I still struggle self acceptance too because I am a product of severe projection parenting but little by little I finding myself little by little and recognize... The apple did fall too far but fell far enough. 🍎
 
#8
@Friday, Just learning to accept yourself as you are, learning that imperfection is okay, learning to not judge ourselves. Self-acceptance is about having more self-compassion. It's about looking at what aspects of ourselves we don't accept, moving away from guilt, self-criticisms and denials. It's recognising that you don't have to feel guilt or shame and that you are not perfect but you can be okay with how you are. A lot of it I think, is about breaking away from ways you might have been taught to view yourself and embracing the whole of you with more compassion. It's kind of new to me, I've only just started learning it, but it is different to self-esteem which is more about the value you place on yourself
Thanks! :D Then, nope. I don’t struggle with it at all, because f*ck that noise. The day I’m not striving to be a better person than I am they can light me on fire, slide my body out to sea, or bury me deep.
 
#10
My self esteem hasn't always been so great either.

I never thought that I was worthless. But I used to be hard on myself too much. I still am, sort of, although not as bad as I used to be.

By being too hard on yourself, you aren't doing yourself any favors. And by being too hard on yourself, you're overlooking the good aspects about yourself.

Why do that to yourself for?
 
#11
If you treat people fairly, do your best to do no harm, (treating people fairly includes yourself) and cut yourself some slack, as you would someone you liked, for things that are due to ill health or other limitations that are "fair enough" I'm pretty sure you will build self respect and esteem for yourself.

If you act in a way that shows you are really making an effort, then self respect grows.

BUT you have to address unhelpful beliefs, undermining beliefs, mean beliefs and excuses are not going to allow yourself to build self respect.

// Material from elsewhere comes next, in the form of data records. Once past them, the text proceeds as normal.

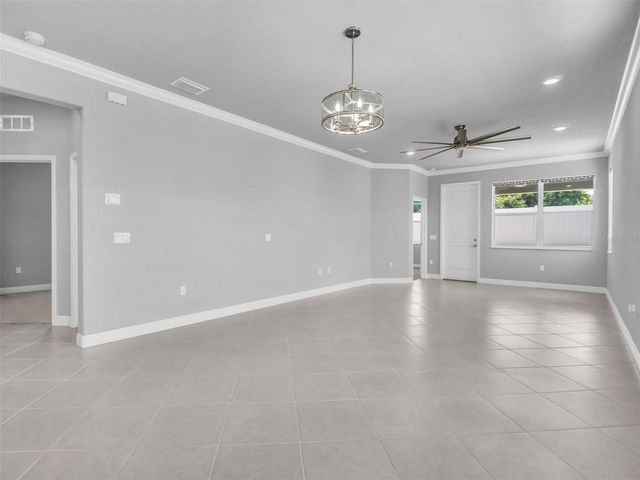 1461 N RIVER CIRCLE, Tarpon Springs, FL 34689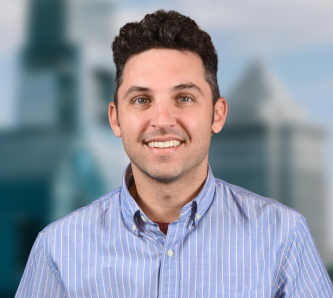 Dan Headshot 2025 (333 X 298 Px)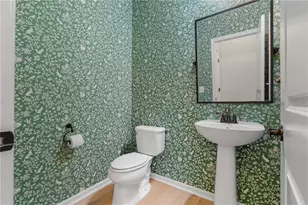 4521 W Village Ct SE, Smyrna, GA 30080 - Photo 24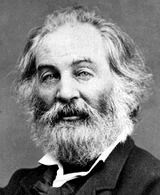 Whitman Walt 1819-1892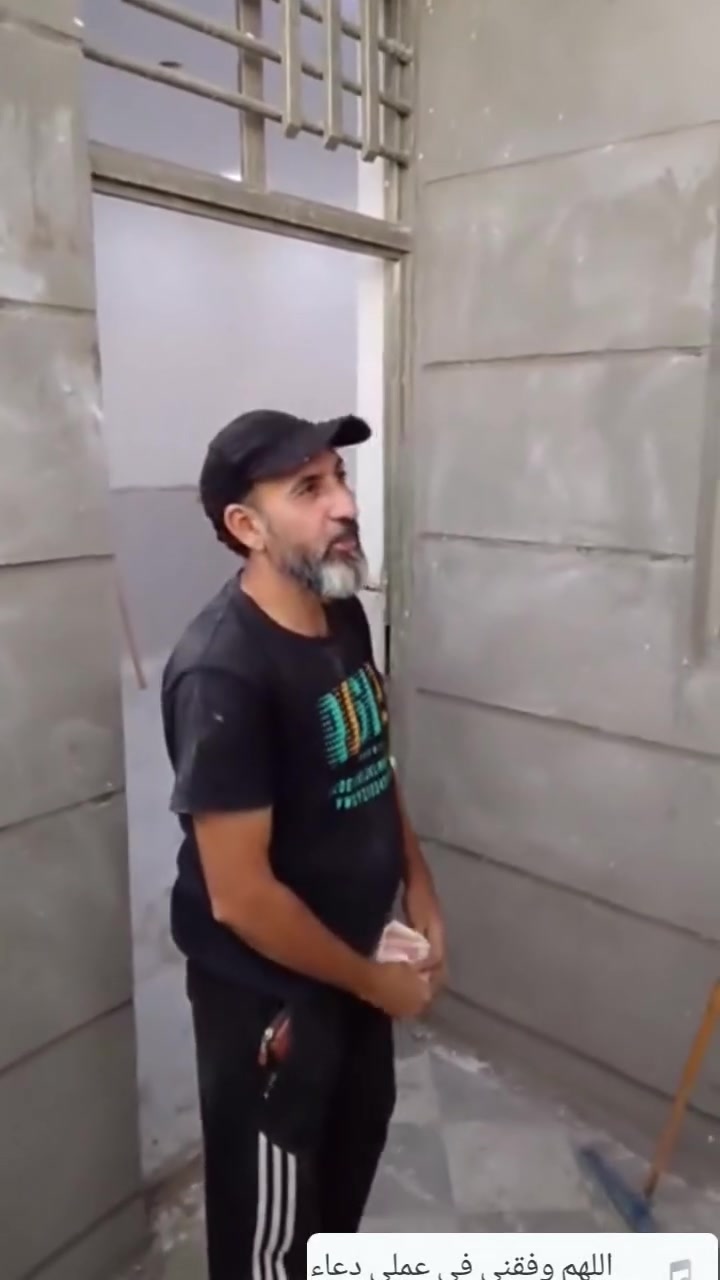 المصطفى للتاسيسات الكهربائية العامة والصحيات كافة الماء والمجاري للاتصال *********** تقفيل بيت اخونا ابو حيدر في جسر ديالى
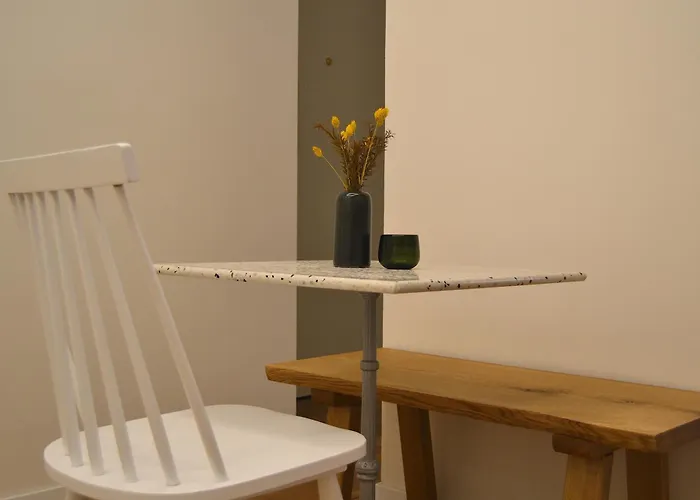 Everyday Corte Petroni * Bologna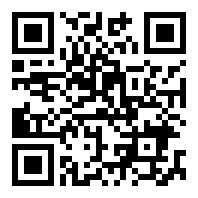 搞怪三层肉微信表情包gif三层肉微信表情包动态大全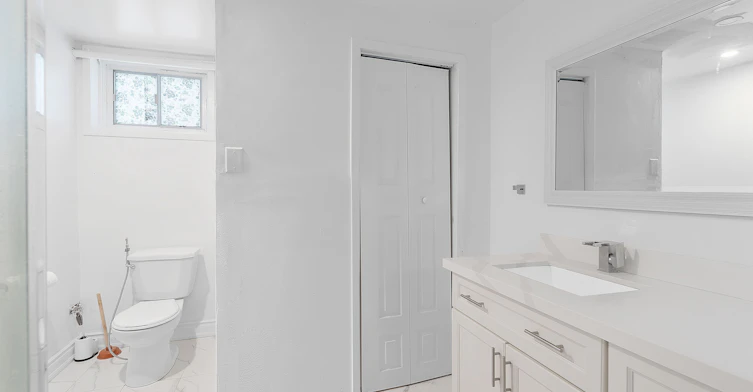 10 Grandview Road, Amaranth, ON, L0N 1G0 - 10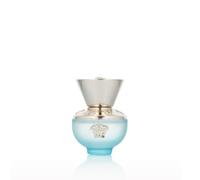 Versace Dylan Turquoise 30ml
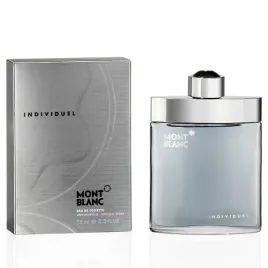 mont-blanc-individuel-for-men-edt-75ml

I think acceptance is helpful in allowing you to stop fighting a situation that is fruitless to keep fighting, but if you want to respect yourself, do things that you can respect yourself for and build from there. It's lots of applying and doing kind and courageous things that earns it, in my experience.
 
#12
As a hard-core perfectionist or as my husband says, someone who lives with obsessive compulsive "enhancement," self-acceptance seems out of the question. I mean, I get where I am and what I am but I can't accept these things. They are just starting points to me. If I accepted them, wouldn't I get stuck here? I would think so.

I dunno, it seems like it may be a healthy idea but for someone else. I can't even wrap my head around the concept.